A car seat safety blogger has shared a shocking photo online, warning parents not to jump into using a high-backed booster for their little ones too soon.
The Facebook page, The ERF Mission. A Rear Facing Family, shared a photo this week (28 January 2017) that shows severe bruising on an adult’s body after a collission, caused by a seat belt.
The picture was used to highlight why children should stay in rear-facing car seats which use a harness for restraint, rather than a seat belt, for as long as possible.
Legally in the UK, children over 15kg (the weight of the average three-year-old) have been allowed to travel in a backless booster seat, BUT from March 2017, only children OVER 125cm and weighing more than 22kg will be able to travel using one.
This raises the age for children using backless booster seats to around six to eight years old.
All booster seats (including high-backed models) use seat belts to hold a child in place, and do provide adequate protection.
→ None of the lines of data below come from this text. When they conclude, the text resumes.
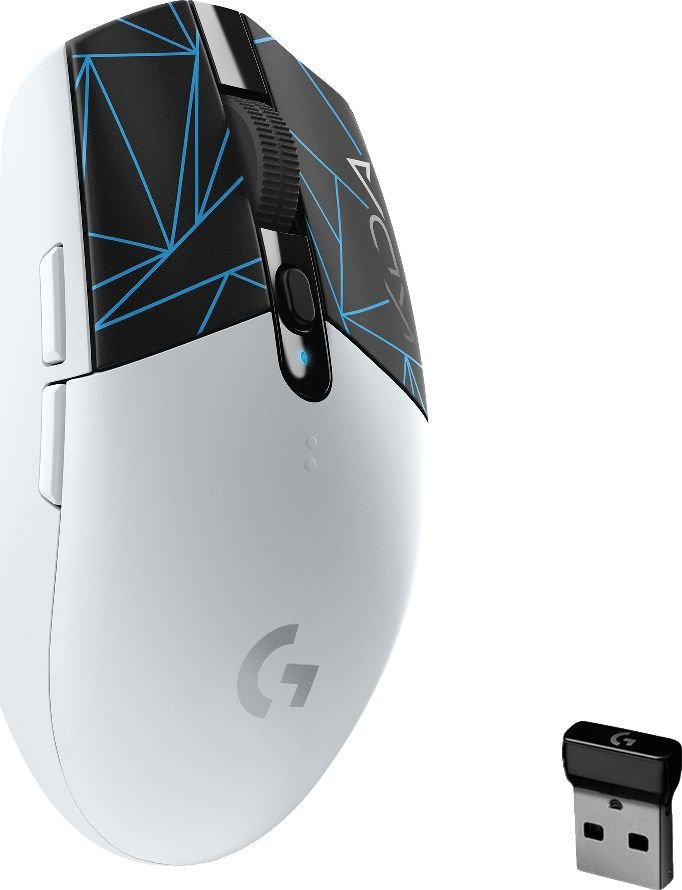 Maus Logitech G305 LOL EER2, 12000 DPI, pa kabllo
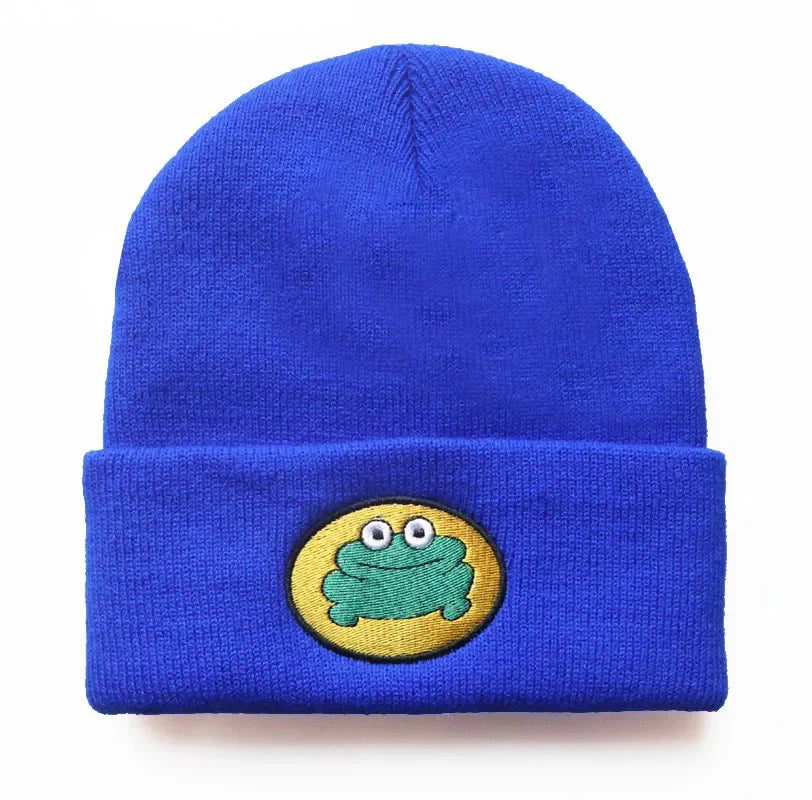 PaRappa The Rapper Prince Fleaswallow Beanie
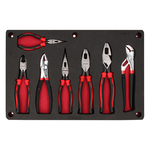 Juego combinado de herramienta 7 piezas, CH282P-C Urrea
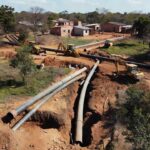 Infraestrutura de saneamento negligenciada em São Sebastião após 30 anos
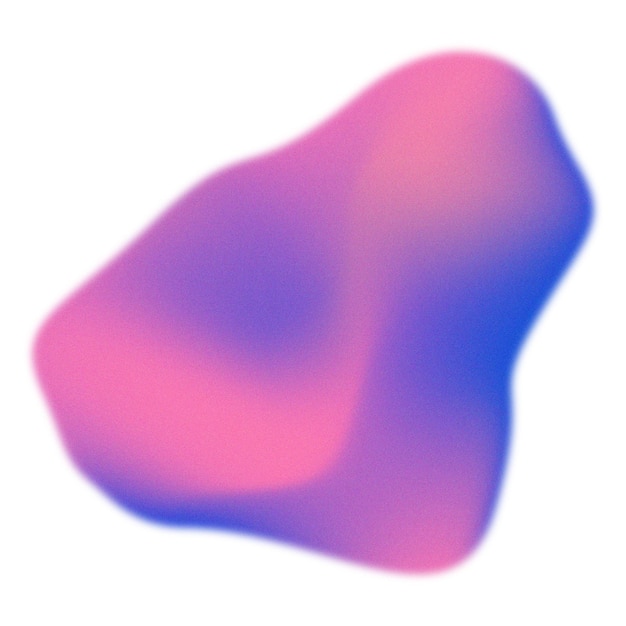 Étiquette png en forme de boule à fond transparent abstrait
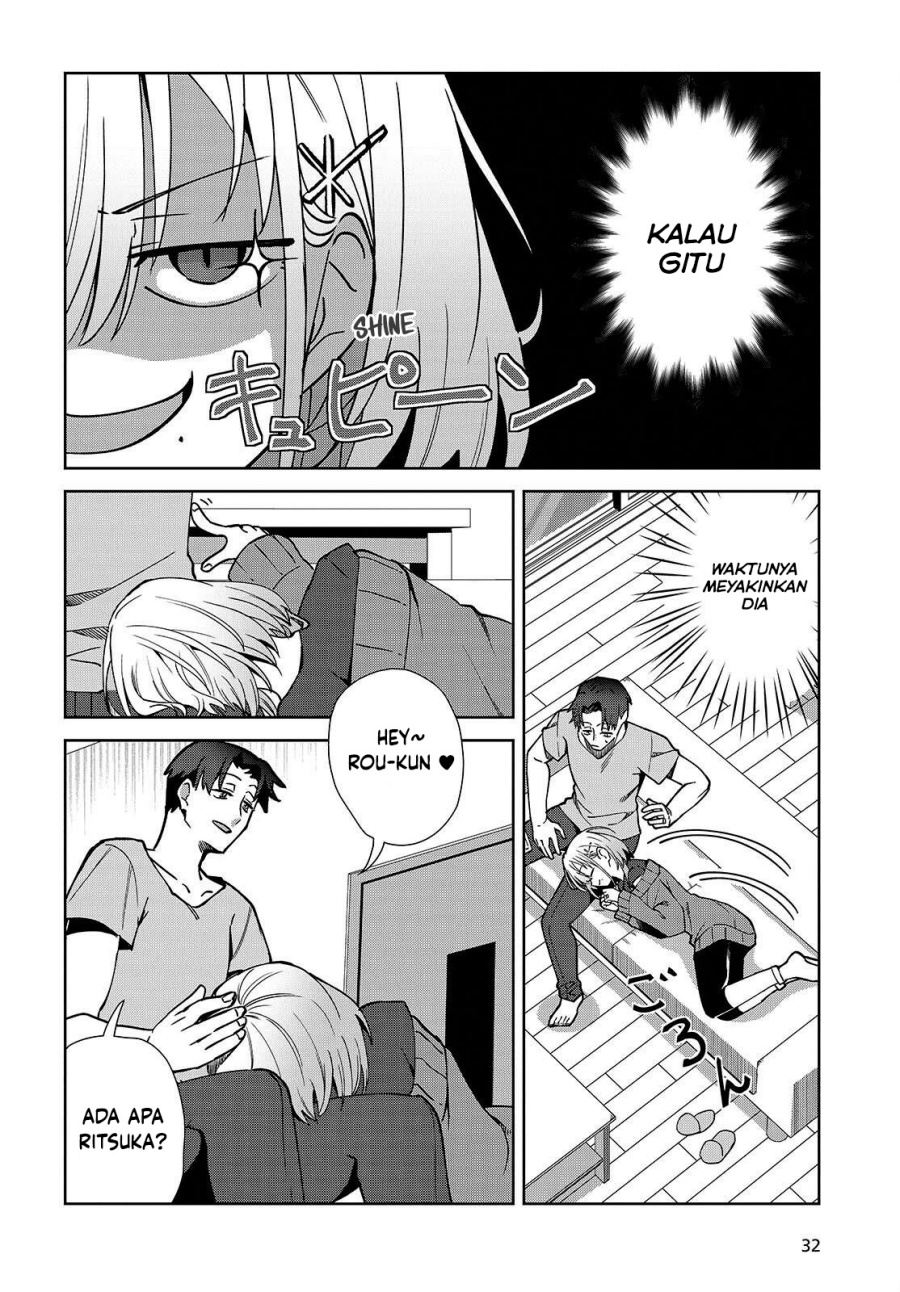 Baca Soshiki no Shukuteki to Kekkon Shitara Mecha Amai - Chapter 05 halaman 10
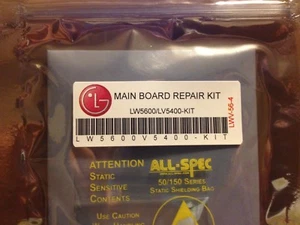 LG Main Board Repair Kit for 42LW5600 47LW5600 55LW5600 42LV5400 47LV5400 55LV - Picture 1 of 1
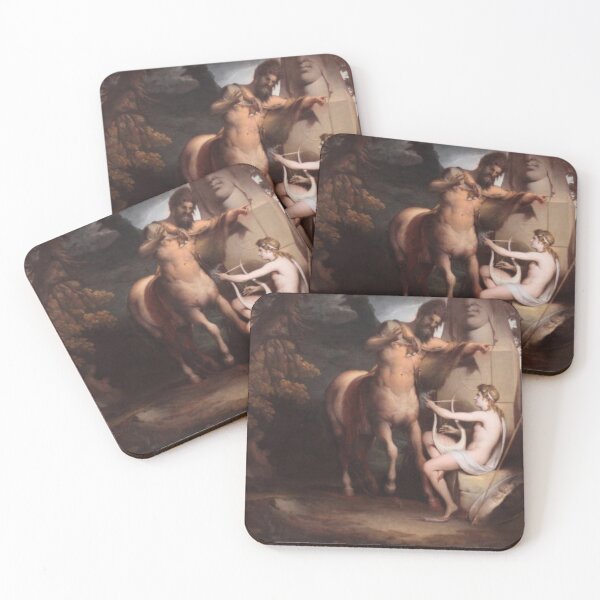 Item preview, The Education of Achilles designed and sold by SharonTheFirst.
But this warning says parents shouldn’t rush to move their kids out of their rear-facing seats until absolutely necessary, as they are ‘far safer’.
But, the post clearly states at the beginning:
‘Everyone needs to wear a seat belt – that is a given fact! Seat belts saves lives!’
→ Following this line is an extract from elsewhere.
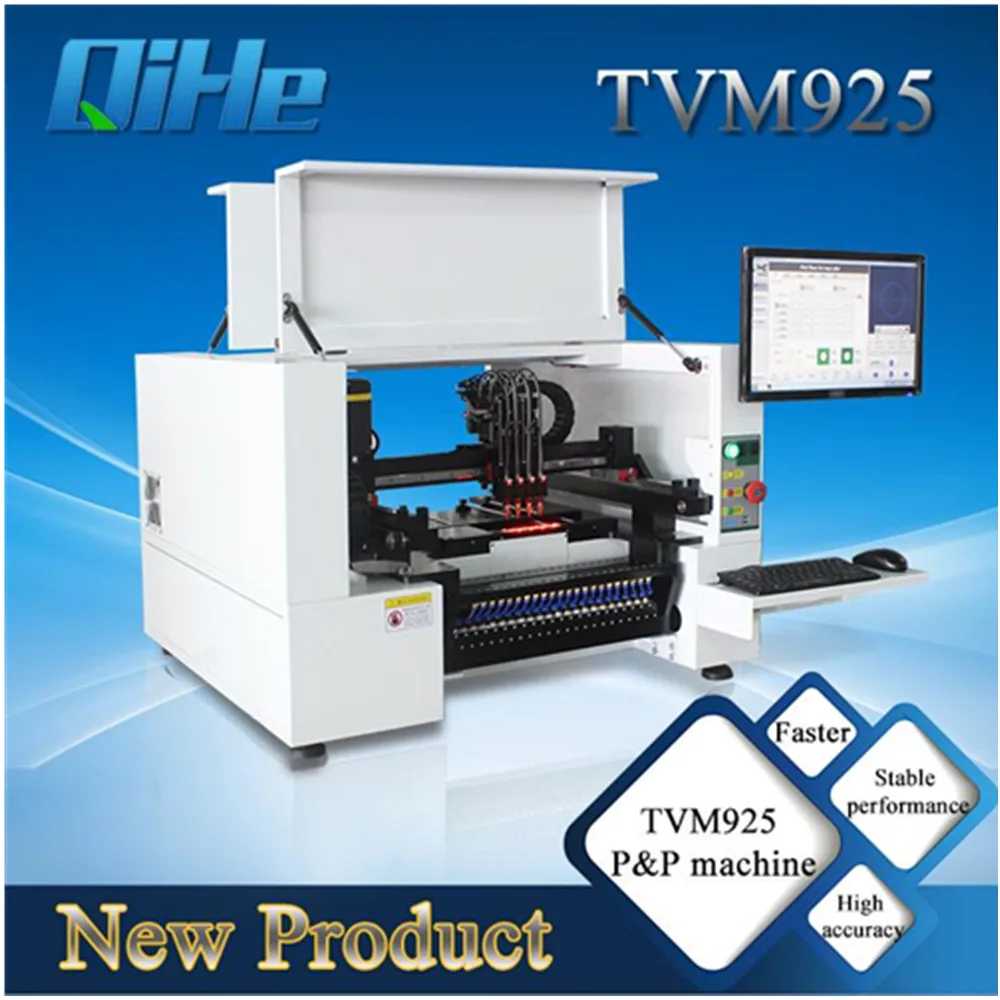 TVM925 автоматическая светодиодная SMD Монтажная светодиодсветодиодный скоростная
Although the photograph shows bruising and cuts from a seat belt, the post makes it clear that seat belts are vital and must be worn in vehicles.
‘This is what can happen to you with a seat belt – an adult.
‘The focus is to try and prevent parents/carers/childminders to put children into an adult seat belt before they are old enough.
‘Far too many jump to a HBB the moment the child hits the minimum weight limit for example,’ said the unnamed blogger.
‘So what I am trying to do – is show that this is the injury inflicted on an adult – so with that knowledge in the back of your mind – maybe it will make you think twice before you decide to jump to the high back booster or just a seat belt on your child – as a rear facing car seat would never do this to the child.’
As rear-facing car seats use a harness, the car seat safety blogger has advised parents not to make the move to high-backed boosters, which use seat belts to strap the child in, until needed:
‘So wait as long as possible before you take that last step – the high back booster,’ the blogger wrote.
‘The children are far safer rear facing for as long as possible.’
Keep your child rear facing for as long as possible, then switch to a high-backed booster once they’ve outgrown their Group 1 rear-facing seat. High-backed boosters are still a safe method of transporting your child, but better used for children aged four plus.